### [Exercise instructions]
Once you reach the line that contains "Building Photo - 34780 N Barzona Trail", retype it and every line after it exactly, ending with the last line of the entries.

(Beginning of Input data)

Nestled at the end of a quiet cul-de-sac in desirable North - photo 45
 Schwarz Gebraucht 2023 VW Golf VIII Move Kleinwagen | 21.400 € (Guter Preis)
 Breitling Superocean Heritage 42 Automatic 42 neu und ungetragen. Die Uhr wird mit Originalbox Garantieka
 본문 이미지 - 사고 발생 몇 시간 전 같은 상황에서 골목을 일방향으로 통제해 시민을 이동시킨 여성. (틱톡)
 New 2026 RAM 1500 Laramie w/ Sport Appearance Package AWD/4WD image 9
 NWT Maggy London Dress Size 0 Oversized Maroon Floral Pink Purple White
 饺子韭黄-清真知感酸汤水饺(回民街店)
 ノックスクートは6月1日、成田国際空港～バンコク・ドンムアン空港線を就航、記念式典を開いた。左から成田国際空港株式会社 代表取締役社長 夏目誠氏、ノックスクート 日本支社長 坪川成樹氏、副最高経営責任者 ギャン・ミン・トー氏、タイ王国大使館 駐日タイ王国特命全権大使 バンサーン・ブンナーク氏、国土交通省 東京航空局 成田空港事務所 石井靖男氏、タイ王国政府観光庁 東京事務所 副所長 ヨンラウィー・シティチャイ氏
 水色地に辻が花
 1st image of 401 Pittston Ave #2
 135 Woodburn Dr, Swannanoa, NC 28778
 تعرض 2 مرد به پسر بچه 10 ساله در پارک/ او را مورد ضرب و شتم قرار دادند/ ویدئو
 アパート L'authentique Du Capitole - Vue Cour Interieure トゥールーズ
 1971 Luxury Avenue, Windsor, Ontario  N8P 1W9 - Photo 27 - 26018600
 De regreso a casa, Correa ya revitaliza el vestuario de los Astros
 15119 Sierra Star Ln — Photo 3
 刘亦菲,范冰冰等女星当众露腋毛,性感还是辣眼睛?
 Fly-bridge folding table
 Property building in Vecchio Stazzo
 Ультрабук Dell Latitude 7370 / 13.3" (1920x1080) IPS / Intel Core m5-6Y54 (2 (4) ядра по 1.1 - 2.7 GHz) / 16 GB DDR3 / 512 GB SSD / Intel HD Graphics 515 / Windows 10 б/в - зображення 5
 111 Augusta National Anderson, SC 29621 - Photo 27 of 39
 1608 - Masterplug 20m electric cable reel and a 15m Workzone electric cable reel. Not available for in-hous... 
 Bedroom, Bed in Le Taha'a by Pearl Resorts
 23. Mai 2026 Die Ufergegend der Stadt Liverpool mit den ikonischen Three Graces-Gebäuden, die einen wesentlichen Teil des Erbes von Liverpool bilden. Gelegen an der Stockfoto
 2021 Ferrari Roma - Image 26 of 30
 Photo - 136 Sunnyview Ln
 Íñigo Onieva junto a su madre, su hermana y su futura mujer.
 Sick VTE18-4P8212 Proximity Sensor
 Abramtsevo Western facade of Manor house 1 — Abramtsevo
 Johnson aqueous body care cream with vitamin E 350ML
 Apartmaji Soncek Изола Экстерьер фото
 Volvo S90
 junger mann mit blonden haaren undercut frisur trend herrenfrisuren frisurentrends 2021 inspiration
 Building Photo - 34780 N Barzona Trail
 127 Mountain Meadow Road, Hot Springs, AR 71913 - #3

(End of Input data)

### [Reply]
 Building Photo - 34780 N Barzona Trail
 127 Mountain Meadow Road, Hot Springs, AR 71913 - #3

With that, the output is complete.